## RECORD EXTRACTS
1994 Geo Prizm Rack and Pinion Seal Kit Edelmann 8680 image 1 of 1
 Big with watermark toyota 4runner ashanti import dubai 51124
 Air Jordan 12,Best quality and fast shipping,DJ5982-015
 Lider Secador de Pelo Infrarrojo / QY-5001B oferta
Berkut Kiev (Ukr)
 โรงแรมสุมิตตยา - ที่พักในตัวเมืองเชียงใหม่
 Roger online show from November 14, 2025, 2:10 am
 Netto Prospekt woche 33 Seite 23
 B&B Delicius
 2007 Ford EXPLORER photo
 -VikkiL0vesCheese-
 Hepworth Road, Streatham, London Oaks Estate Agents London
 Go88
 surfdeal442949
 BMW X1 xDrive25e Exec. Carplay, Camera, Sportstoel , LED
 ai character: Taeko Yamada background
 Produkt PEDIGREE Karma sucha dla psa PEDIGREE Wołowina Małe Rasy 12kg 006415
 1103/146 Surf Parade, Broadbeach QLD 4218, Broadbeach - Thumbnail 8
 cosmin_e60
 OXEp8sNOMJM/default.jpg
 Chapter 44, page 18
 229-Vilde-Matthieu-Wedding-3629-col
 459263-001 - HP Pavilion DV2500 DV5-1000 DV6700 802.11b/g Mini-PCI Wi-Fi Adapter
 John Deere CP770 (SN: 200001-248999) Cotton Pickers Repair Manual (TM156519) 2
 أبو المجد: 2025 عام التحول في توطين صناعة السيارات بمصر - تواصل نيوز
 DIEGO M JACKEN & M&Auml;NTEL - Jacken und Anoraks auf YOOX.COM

## YOUR ASSIGNMENT
What are the lines from the one with "โรงแรมสุมิตตยา - ที่พักในตัวเมืองเชียงใหม่" through the last line of the records above? Quote them exactly and add nothing.

## TASK SOLUTION
 โรงแรมสุมิตตยา - ที่พักในตัวเมืองเชียงใหม่
 Roger online show from November 14, 2025, 2:10 am
 Netto Prospekt woche 33 Seite 23
 B&B Delicius
 2007 Ford EXPLORER photo
 -VikkiL0vesCheese-
 Hepworth Road, Streatham, London Oaks Estate Agents London
 Go88
 surfdeal442949
 BMW X1 xDrive25e Exec. Carplay, Camera, Sportstoel , LED
 ai character: Taeko Yamada background
 Produkt PEDIGREE Karma sucha dla psa PEDIGREE Wołowina Małe Rasy 12kg 006415
 1103/146 Surf Parade, Broadbeach QLD 4218, Broadbeach - Thumbnail 8
 cosmin_e60
 OXEp8sNOMJM/default.jpg
 Chapter 44, page 18
 229-Vilde-Matthieu-Wedding-3629-col
 459263-001 - HP Pavilion DV2500 DV5-1000 DV6700 802.11b/g Mini-PCI Wi-Fi Adapter
 John Deere CP770 (SN: 200001-248999) Cotton Pickers Repair Manual (TM156519) 2
 أبو المجد: 2025 عام التحول في توطين صناعة السيارات بمصر - تواصل نيوز
 DIEGO M JACKEN & M&Auml;NTEL - Jacken und Anoraks auf YOOX.COM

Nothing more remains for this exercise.